When one first gets to Hawaii, you automatically ask “Where are the good beaches?” You are told two things: First, they all are good. Second, they all are open to everyone. There’s no such thing as a private beach in Hawaii (those socialists!)
I believe, though, that I have found the local’s secret for keeping the good beaches to themselves: keep them nearly impossible to get to. Sure, anyone can go to a resort and park in a parking lot and walk forty feet or so to crowded white seaside lots. But the true beaches, the ones that locals love and covet, are harder to come by. If you ask about a specific location and the response is that it’s a “little difficult” to get to, then that’s where you want to go.
Last Friday we went to Makalawana beach here on the big island. This secluded spot is almost universally reported to be one of the best beaches on the island, if not one of the best in the world.

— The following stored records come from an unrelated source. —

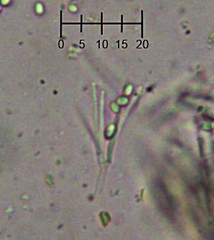 Trichoderma flavipes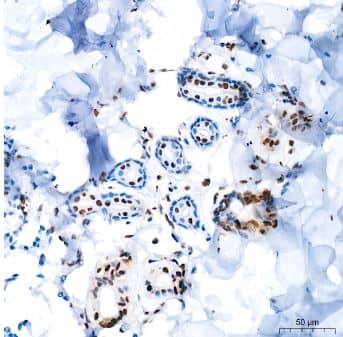 Immunohistochemistry-Paraffin: FGF basic/FGF2/bFGF Antibody (8W6M5) [NBP3-15367] - Human skin tissue using FGF2 Rabbit mAb at a dilution of 1:200 (40x lens). High pressure antigen retrieval was performed with 0.01 M citrate buffer (pH 6.0) prior to IHC staining.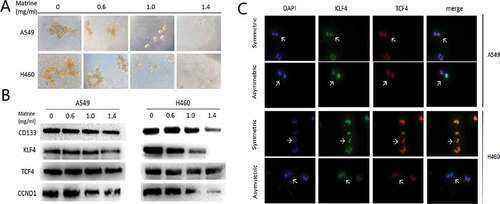 Figure 1. Matrine suppresses lung CSCs properties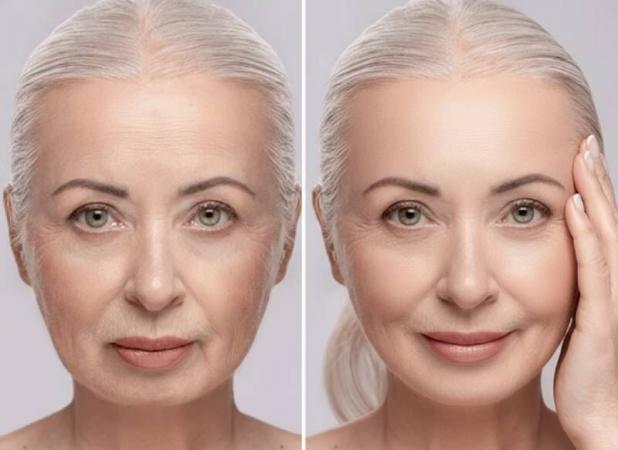 چه سرمی برای لیفت صورت خوبه؟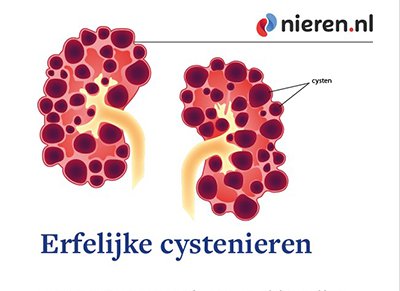 Erfelijke cystenieren Erfelijke cystenieren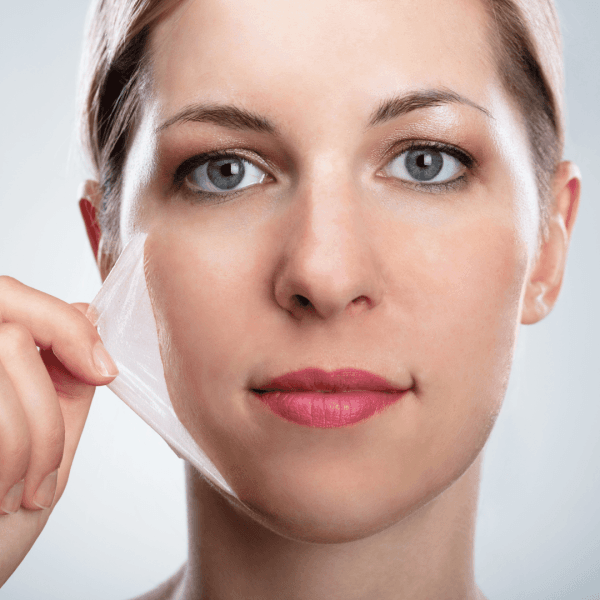 chemicalpeel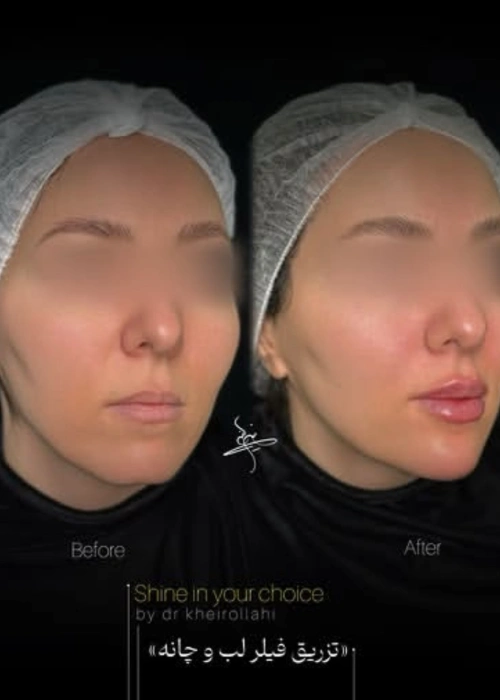 filler injection portfolio (4)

The trick is in getting there. One must first drive a park “road”, which is an indistinctly paved path through a lava field. In certain places the asphalt undulates with the shape of the lava rocks just under it, and in other places the asphalt just gives up and you’re driving on lava that has been broken down to gravel. It took us about 30 minutes to drive that one mile in a Mustang rental car. Once you park, then you get to the rough terrain. You walk a good 3/4 of a mile to a full mile through a lava field in a vaguely market foot path. Add no shade and the coasts’ 80+ degree temperatures, and you’re in for a treat!
Once you get to the beaches, though, you realize the trip was well worth it. Our destination had three separate coves of white sand protected by rock outcroppings. The biggest bonus of all, though, is that there is nearly no one else there. The length of beach we staked our claim to ran for at least 100 yards, and there were maybe twenty other people besides us there.
Ask the locals. The more they grimace when they tell you how to get to a beach, the better the destination.